Mit dem angefochtenen Beschl. hat das LG der Klägerin die Kosten des Rechtsstreits auferlegt und dies damit begründet, es lägen keine Ausnahmegründe vor, der Beklagten die Kosten aufzuerlegen. Es hätte vielmehr seitens der Klägerin Veranlassung bestanden, den Sachstand zu überprüfen. Der Beschl. wurde der Klägerin am 02.05.2011 zugestellt (EB Bl. 43b d.A.). Mit Schriftsatz vom 09.05.2011 - Eingang des Fax bei Gericht am 13.05.2011 - legt die Klägerin sofortige Beschwerde ein. Sie hält daran fest, es hätte aufgrund des Vertragsverhältnisses der Beklagten oblegen, sie von der Zahlung an die Seat-Bank zu unterrichten.
II. Die form- und fristgerecht eingelegte Beschwerde ist zulässig; sie hat in der Sache aber keinen Erfolg.
Nach § 269 Abs. 3 ZPO fallen grds. dem seine Klage zurücknehmenden Kläger die Kosten des Rechtsstreits zur Last. Bis zum ZPO-ReformG und der Änderung des § 269 Abs. 3 Satz 3 ZPO durch das 1. JMoG gab es hiervon keine Ausnahme. Erst durch die Einfügung des Abs. 3 Satz 3 durch die genannten Gesetze bestimmt sich die Kostentragungspflicht nach billigem Ermessen unter Berücksichtigung des bisherigen Sach- und Streitstandes bei Wegfall des Klageanlasses vor Rechtshängigkeit. Eine Entsch. nach billigem Ermessen ist auch möglich, wenn die Erledigung (des Klageanlasses) schon vor Einreichung der Klage eingetreten ist (vgl. Zöller-Greger, ZPO-Komm., 28 Aufl. § 269 Rz 18d mit Hinw. auf OLG München OLGR 2004, 218; Elzer NJW 2002, 2008). Auch in diesem Fall bleibt die Auferlegung der Kosten auf den Beklagten jedoch die Ausnahme und muss besonders begründet werden.

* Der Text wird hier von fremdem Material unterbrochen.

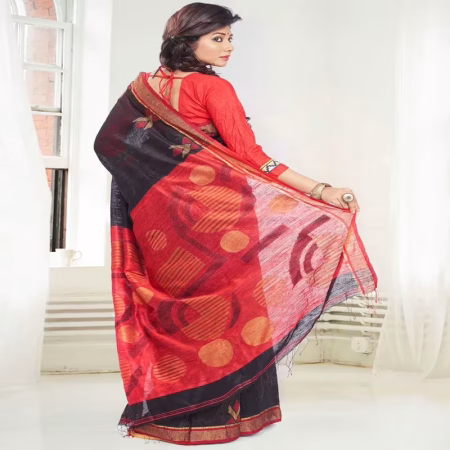 Designer Handloom Ethnic Saree with Indian Handlom Mark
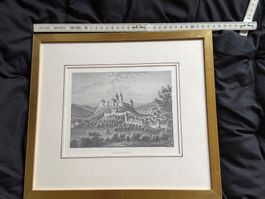 Burgdorf BE, Aquatinta um 1857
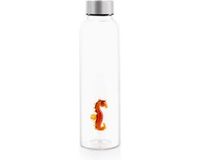 Balvi Drinkfles Sea Horse 500 Ml 23 Cm Glas/rvs Transparant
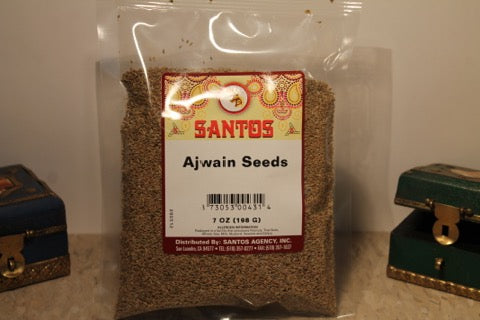 New India Bazar Santos Ajwain Seeds 7 Ozs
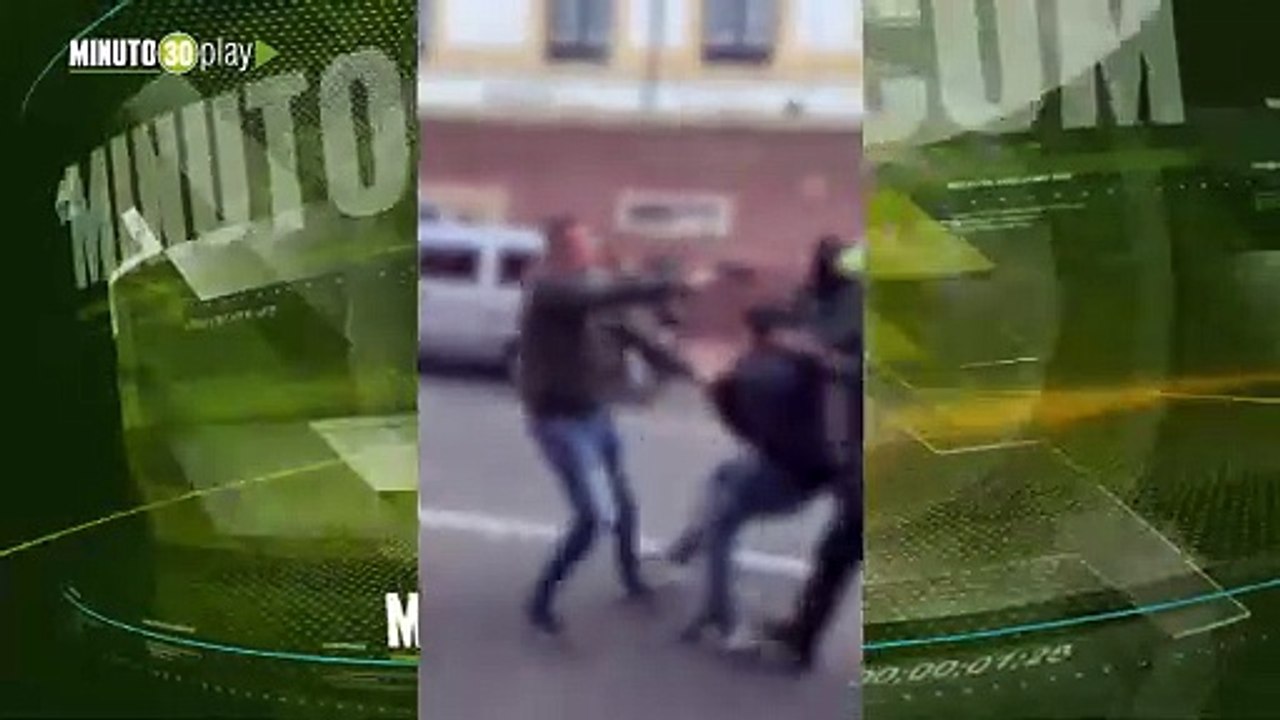 Policía de civil disparó a multitud que le reclamaba por abuso contra un ciudadano en Bogotá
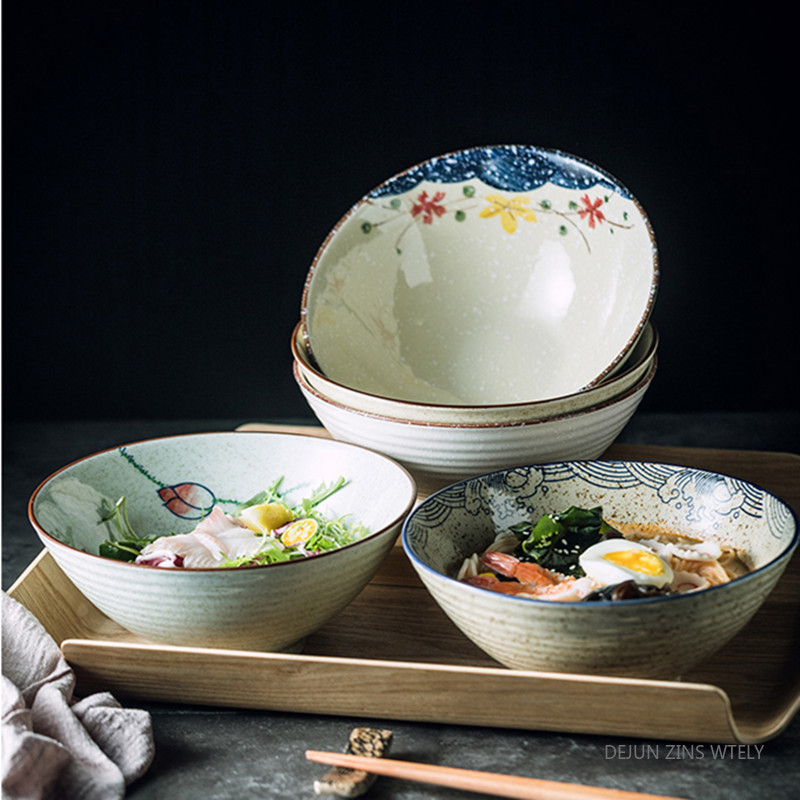 8-inch Ceramic Noodle Bowl Jap - Dim Sum Basket 评论和价格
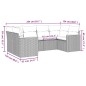 vidaXL Set de muebles de jardín 6 pzas y cojines ratán sintético gris vidaXL Set de muebles de jardín 6 pzas y cojines ratán sintético gris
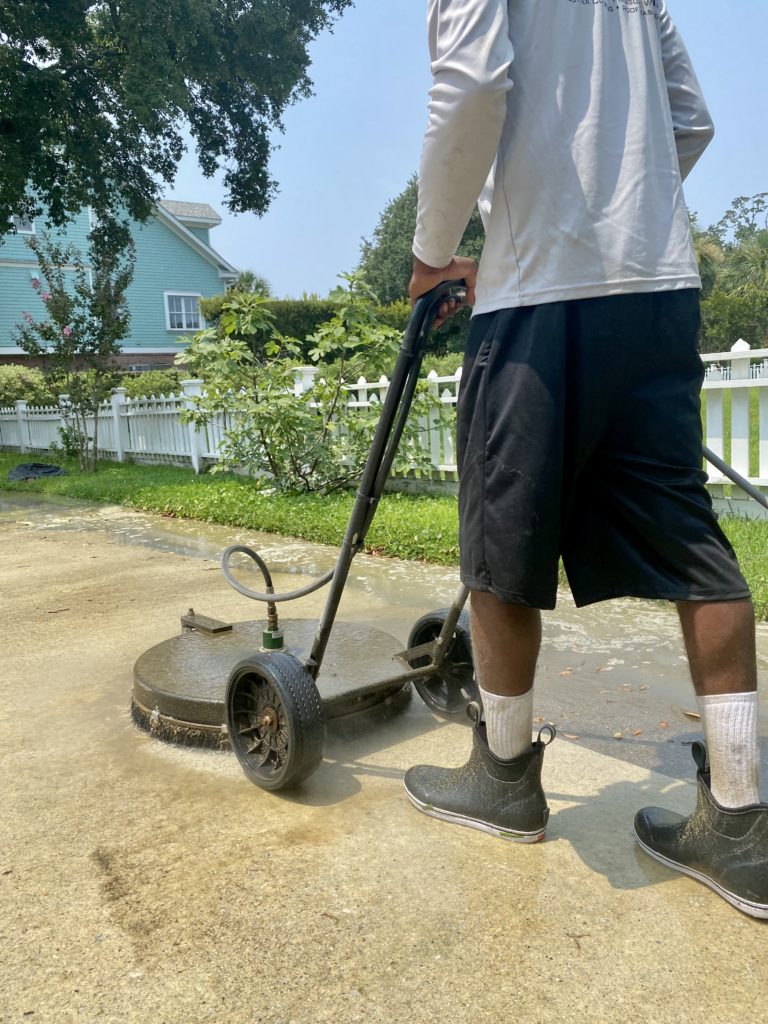 Concrete Driveway Power Washing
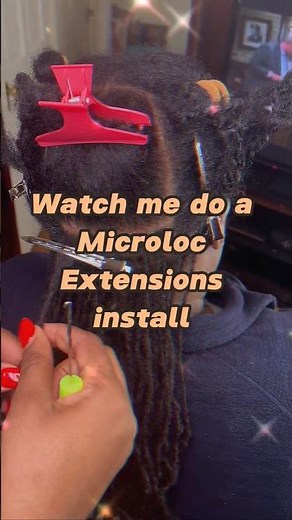 How to install Microloc Extensions in the right way ✨ #hairtutorial #microlocs #nycsalon #locsnyc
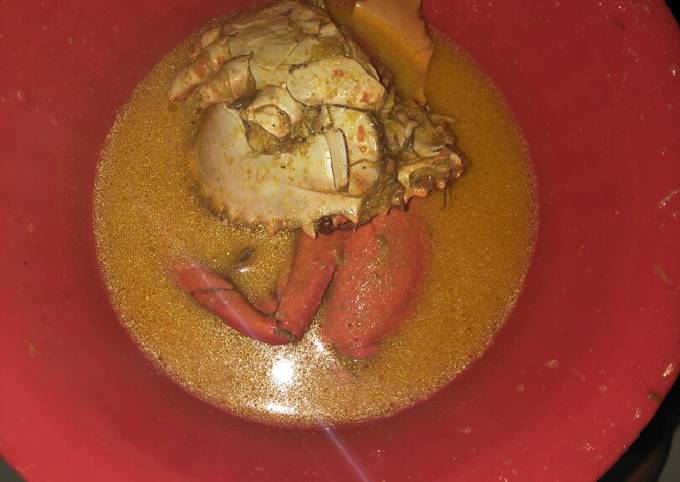 Langkah Mudah untuk Menyiapkan Kepiting santan, Enak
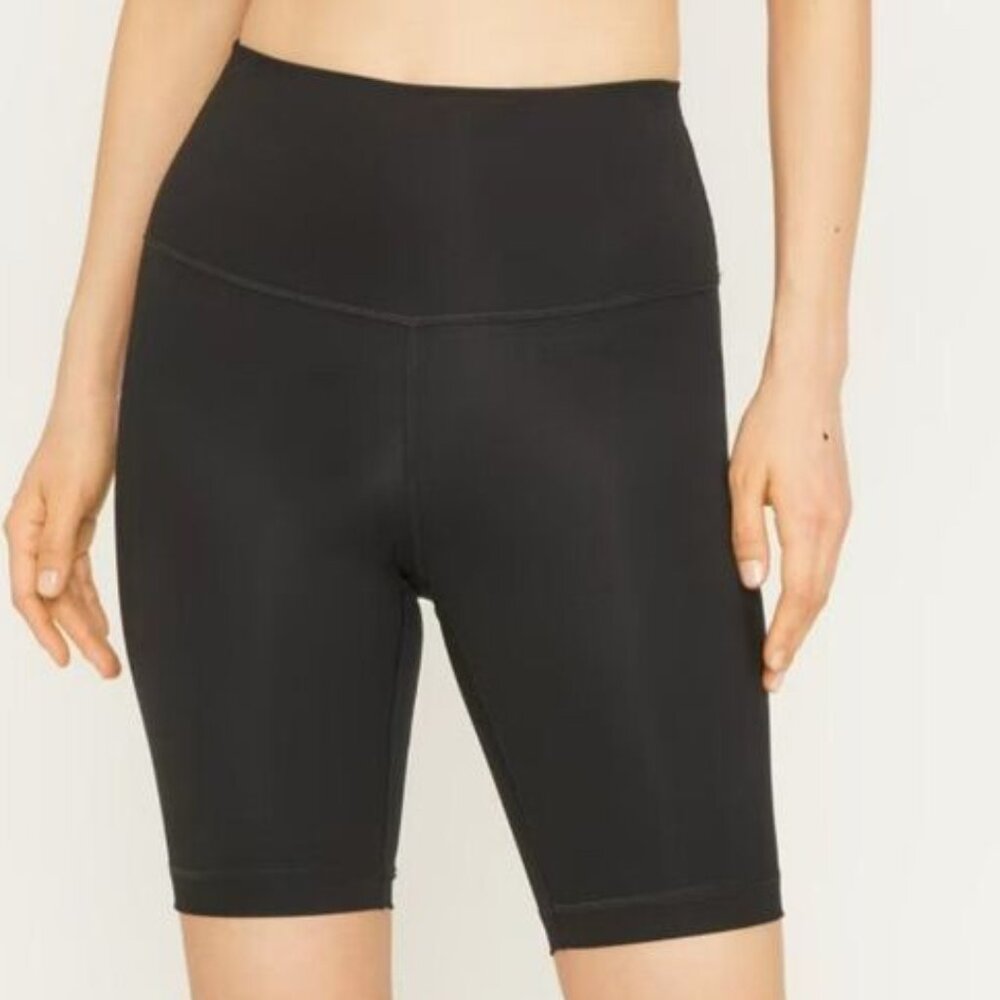 Everlane The Perform High Rise Bike Workout Athleisure Short Black XS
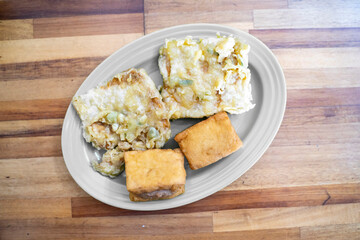 Gorengan or Fried food is a typical Indonesian snack, usually used as a snack in a relaxed time.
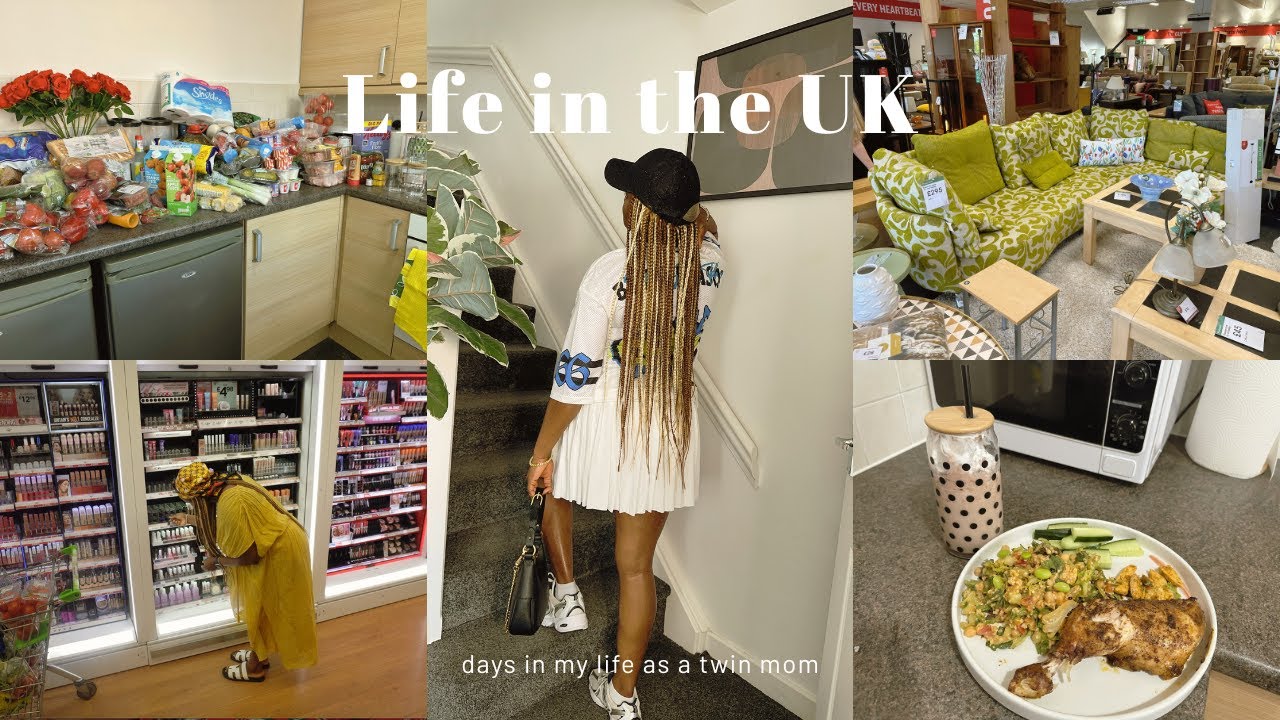 Days in my life in the UK | twin mom diaries | grocery shopping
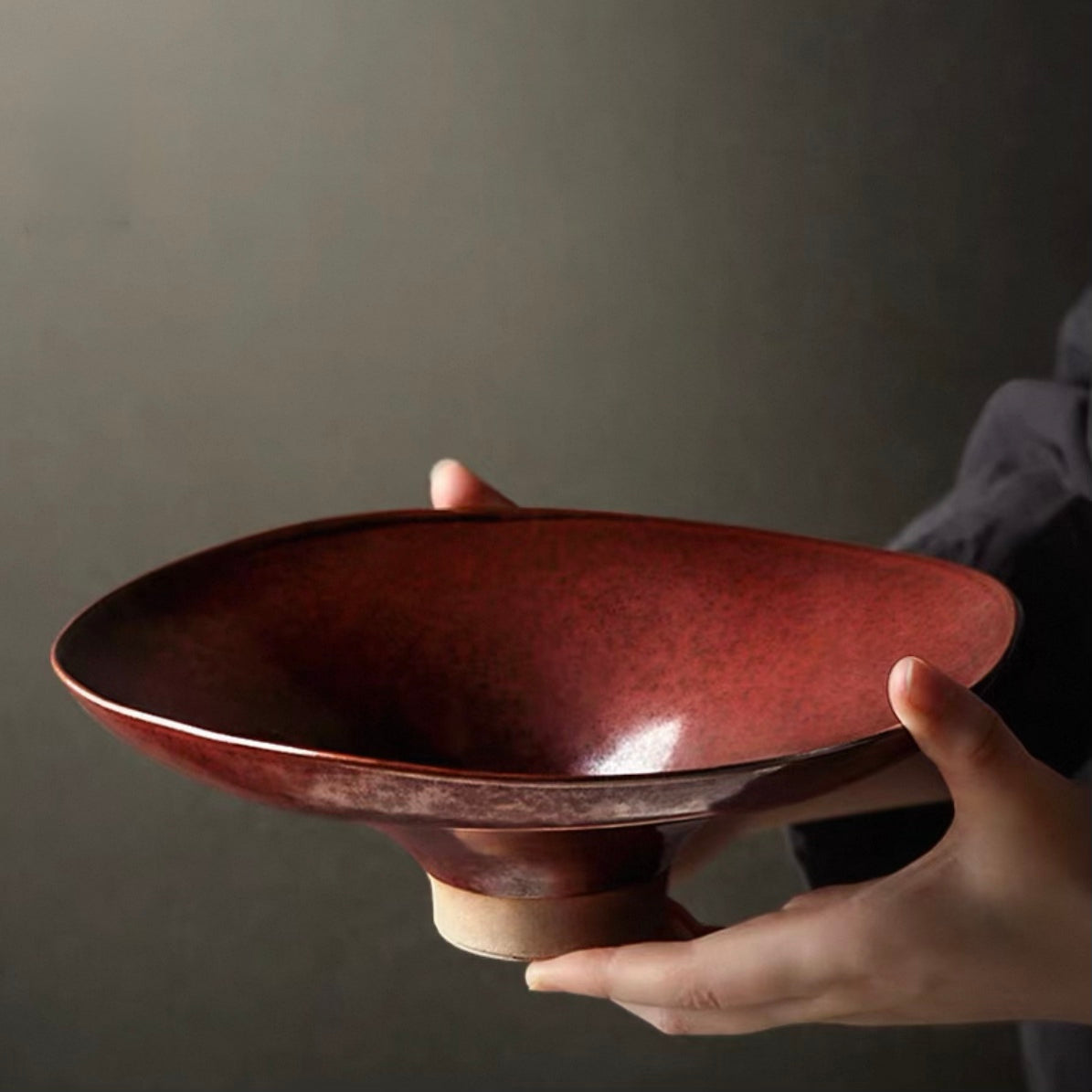 Lotus Bowl - Rich Red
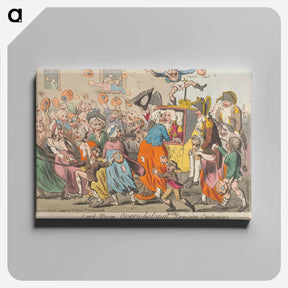 アートパネル-Lord Mum Overwhelmed with Parisian Embraces
 - イェール大学アートギャラリー Canvas.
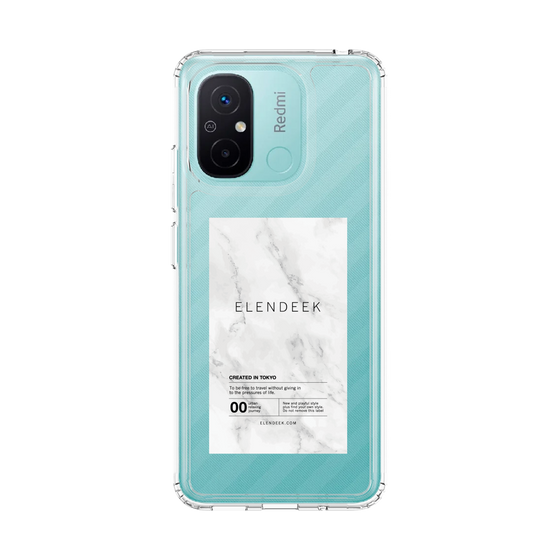 Slim Protection Case［ ELENDEEK - Logo Sticker - Marble ］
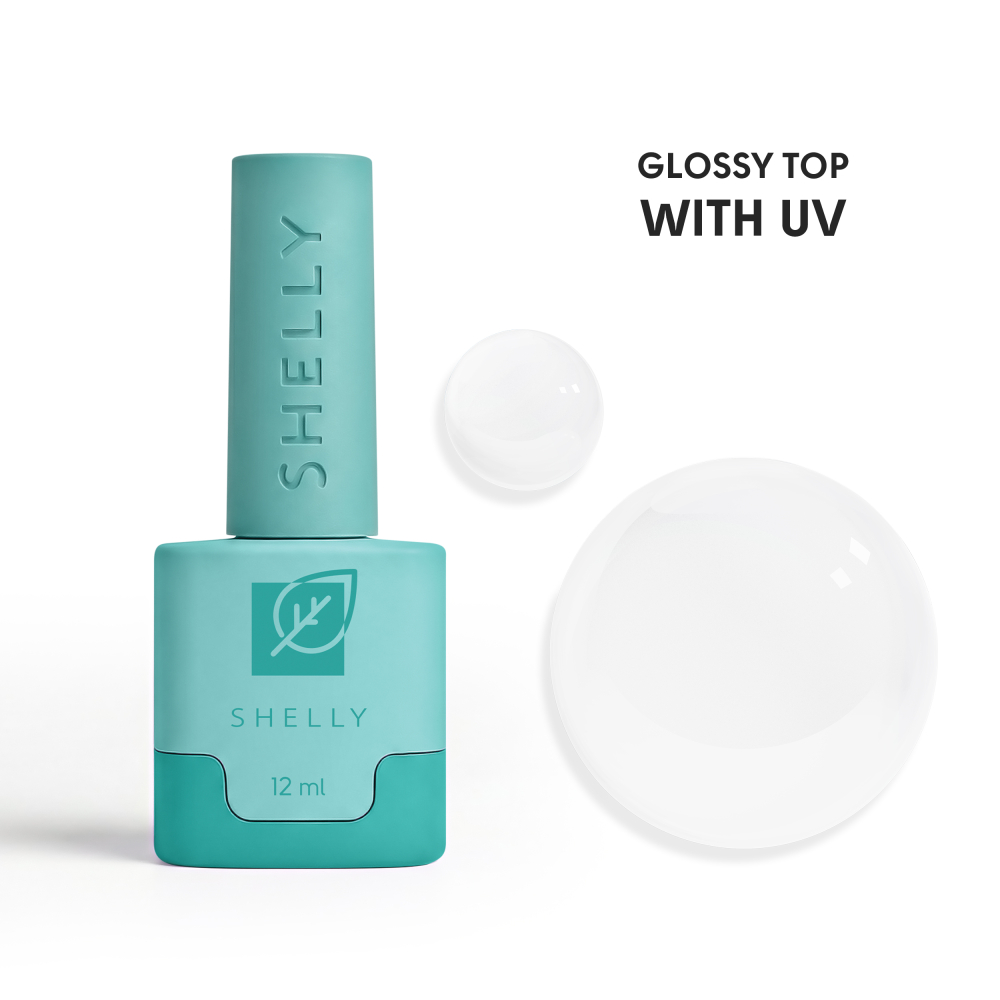 Shelly Glossy Top With UV Filter, 12 ml
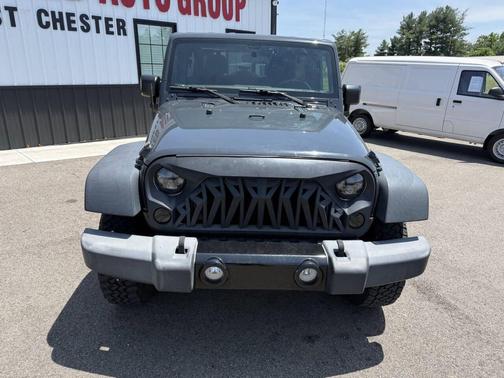 Gray 2017 Jeep Wrangler Unlimited Willys Wheeler 4x4 4dr SUV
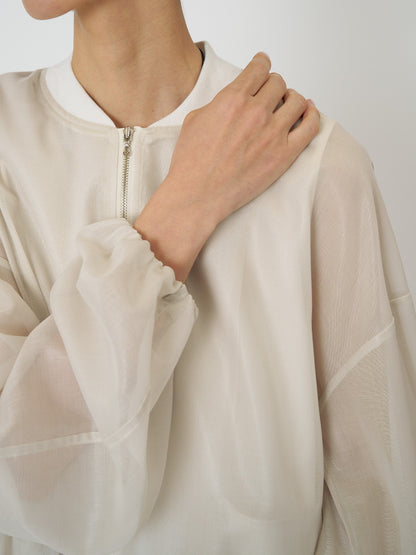 【予約販売】CHIGNON シアーチンツブルゾン 4861-003KK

Nach dem Sach- und Streitstand wäre die Klägerin vorliegend bei Aufrechterhaltung der Klage oder Klageänderung auf die Kosten unterlegen gewesen. Denn die Beklagte hatte lange vor der Klageerhebung den geforderten Betrag - entsprechend der vertraglichen Vereinbarungen - an die Seat-Bank gezahlt. Die Klägerin wusste auch, dass die Beklagte hierzu vertraglich verpflichtet war. Daher kann auch aus der allgemeinen vertraglichen Pflicht zu gegenseitiger Rücksichtnahme und Treue eine darüber hinausgehende Nebenpflicht zur Mitteilung der erfolgten Zahlung an die Klägerin nicht zwingend abgeleitet werden. Vielmehr folgt der Senat der Auffassung des LGs, es hätte der Klägerin oblegen, sich bei der Bank zu erkundigen, ob gezahlt war, bevor sie Klage erhob. Dies gilt umso mehr, als zwischen der Aufforderung zur Zahlung - Februar 2010 - bis zur Klageerhebung 10 Monate vergangen waren. Es ist auch dem Senat nicht erklärlich, wieso die Klägerin nicht - nach Ablauf der Zahlungsfrist (März 2010) - zunächst noch einmal nachgefragt hat, ob in der Zwischenzeit, dh. nach Mitteilung des Ablösebetrages, die Beklagte ihrer vertraglichen Verpflichtung nachgekommen war.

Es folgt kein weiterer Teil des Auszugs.